Reducing overlay sampling for APC-based correction per exposure by replacing measured data with computational prediction

One of the keys to successful mass production of sub-20nm nodes in the semiconductor industry is the development of an overlay correction strategy that can meet specifications, reduce the number of layers that require dedicated chuck overlay, and minimize measurement time. Three important aspects of this strategy are: correction per exposure (CPE), integrated metrology (IM), and the prioritization of automated correction over manual subrecipes. The first and third aspects are accomplished through an APC system that uses measurements from production lots to generate CPE corrections that are dynamically applied to future lots. The drawback of this method is that production overlay sampling must be extremely high in order to provide the system with enough data to generate CPE. That drawback makes IM particularly difficult because of the throughput impact that can be created on expensive bottleneck photolithography process tools.

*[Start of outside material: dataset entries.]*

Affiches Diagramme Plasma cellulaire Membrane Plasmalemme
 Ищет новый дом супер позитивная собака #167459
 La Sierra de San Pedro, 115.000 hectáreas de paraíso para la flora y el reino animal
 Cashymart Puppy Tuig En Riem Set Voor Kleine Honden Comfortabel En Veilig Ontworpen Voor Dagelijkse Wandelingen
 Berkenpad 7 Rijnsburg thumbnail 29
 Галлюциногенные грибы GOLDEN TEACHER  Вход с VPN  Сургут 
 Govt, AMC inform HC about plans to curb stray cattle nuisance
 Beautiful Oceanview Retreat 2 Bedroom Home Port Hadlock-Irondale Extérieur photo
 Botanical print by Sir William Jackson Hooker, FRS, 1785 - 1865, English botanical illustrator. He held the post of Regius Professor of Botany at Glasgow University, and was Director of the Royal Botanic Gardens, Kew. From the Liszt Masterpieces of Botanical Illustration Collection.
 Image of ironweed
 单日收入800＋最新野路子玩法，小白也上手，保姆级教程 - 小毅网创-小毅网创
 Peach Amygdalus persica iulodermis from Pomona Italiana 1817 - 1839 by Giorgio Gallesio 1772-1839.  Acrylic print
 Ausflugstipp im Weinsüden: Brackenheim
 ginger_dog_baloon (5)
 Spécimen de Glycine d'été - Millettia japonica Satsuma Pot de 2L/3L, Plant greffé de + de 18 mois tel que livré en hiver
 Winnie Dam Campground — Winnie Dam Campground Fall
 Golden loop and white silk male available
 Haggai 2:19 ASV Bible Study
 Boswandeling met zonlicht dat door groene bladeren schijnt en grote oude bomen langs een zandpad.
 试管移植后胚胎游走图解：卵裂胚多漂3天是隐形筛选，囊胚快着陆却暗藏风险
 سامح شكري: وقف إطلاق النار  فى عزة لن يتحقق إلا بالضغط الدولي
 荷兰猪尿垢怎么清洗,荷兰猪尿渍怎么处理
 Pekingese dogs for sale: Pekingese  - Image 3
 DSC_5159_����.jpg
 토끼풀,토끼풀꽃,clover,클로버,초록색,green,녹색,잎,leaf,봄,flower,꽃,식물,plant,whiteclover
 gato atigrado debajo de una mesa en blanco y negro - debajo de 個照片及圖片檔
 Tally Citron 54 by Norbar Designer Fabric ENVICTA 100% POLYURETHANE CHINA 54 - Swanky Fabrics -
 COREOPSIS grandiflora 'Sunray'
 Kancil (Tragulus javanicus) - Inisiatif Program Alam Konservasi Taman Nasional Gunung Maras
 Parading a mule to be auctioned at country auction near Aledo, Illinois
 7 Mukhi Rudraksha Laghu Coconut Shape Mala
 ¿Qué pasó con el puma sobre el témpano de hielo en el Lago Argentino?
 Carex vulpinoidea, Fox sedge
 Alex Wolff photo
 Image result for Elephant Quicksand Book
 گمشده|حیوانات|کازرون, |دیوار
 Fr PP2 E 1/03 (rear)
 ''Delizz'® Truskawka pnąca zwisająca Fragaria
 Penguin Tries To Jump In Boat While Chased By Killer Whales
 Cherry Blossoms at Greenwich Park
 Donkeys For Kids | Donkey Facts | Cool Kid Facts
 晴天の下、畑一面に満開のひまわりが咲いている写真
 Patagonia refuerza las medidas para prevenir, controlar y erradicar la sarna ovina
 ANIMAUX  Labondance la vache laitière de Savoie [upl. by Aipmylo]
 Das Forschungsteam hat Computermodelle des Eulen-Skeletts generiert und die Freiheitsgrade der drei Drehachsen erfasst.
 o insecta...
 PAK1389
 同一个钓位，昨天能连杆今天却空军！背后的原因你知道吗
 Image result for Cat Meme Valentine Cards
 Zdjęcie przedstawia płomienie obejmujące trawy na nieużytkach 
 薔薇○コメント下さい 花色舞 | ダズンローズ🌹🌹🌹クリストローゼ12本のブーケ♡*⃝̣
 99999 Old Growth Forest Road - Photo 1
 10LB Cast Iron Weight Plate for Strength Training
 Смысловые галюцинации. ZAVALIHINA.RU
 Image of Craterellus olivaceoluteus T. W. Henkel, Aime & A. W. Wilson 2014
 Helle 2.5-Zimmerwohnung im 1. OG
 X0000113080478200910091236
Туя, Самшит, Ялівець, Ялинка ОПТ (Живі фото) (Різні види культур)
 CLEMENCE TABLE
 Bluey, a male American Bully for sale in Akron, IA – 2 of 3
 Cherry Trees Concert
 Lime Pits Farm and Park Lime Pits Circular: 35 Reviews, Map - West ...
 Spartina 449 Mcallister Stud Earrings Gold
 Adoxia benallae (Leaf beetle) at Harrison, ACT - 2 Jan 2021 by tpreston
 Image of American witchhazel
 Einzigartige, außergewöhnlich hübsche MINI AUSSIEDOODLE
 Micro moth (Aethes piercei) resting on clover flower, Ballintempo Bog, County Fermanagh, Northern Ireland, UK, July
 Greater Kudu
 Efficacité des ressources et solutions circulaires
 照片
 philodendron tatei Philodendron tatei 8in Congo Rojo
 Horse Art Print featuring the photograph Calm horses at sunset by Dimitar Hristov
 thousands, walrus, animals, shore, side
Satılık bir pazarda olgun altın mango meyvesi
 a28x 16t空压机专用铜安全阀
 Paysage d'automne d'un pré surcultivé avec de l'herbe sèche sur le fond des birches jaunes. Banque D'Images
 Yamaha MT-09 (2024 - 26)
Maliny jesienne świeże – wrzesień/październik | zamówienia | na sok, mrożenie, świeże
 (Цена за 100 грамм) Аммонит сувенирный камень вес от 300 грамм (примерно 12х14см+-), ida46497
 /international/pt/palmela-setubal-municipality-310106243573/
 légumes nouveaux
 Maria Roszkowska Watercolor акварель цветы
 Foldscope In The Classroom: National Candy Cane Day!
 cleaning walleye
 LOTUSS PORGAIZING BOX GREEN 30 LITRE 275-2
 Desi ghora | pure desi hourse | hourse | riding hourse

The goal is to realize the cycle time and feedback benefits of IM coupled with the enhanced overlay correction capability of automated CPE without impacting process tool throughput. This paper will discuss the development of a system that sends measured data with reduced sampling via an optimized layout to the exposure tool's computational modelling platform to predict and create "upsampled" overlay data in a customizable output layout that is compatible with the fab user CPE APC system. The result is dynamic CPE without the burden of extensive measurement time, which leads to increased utilization of IM.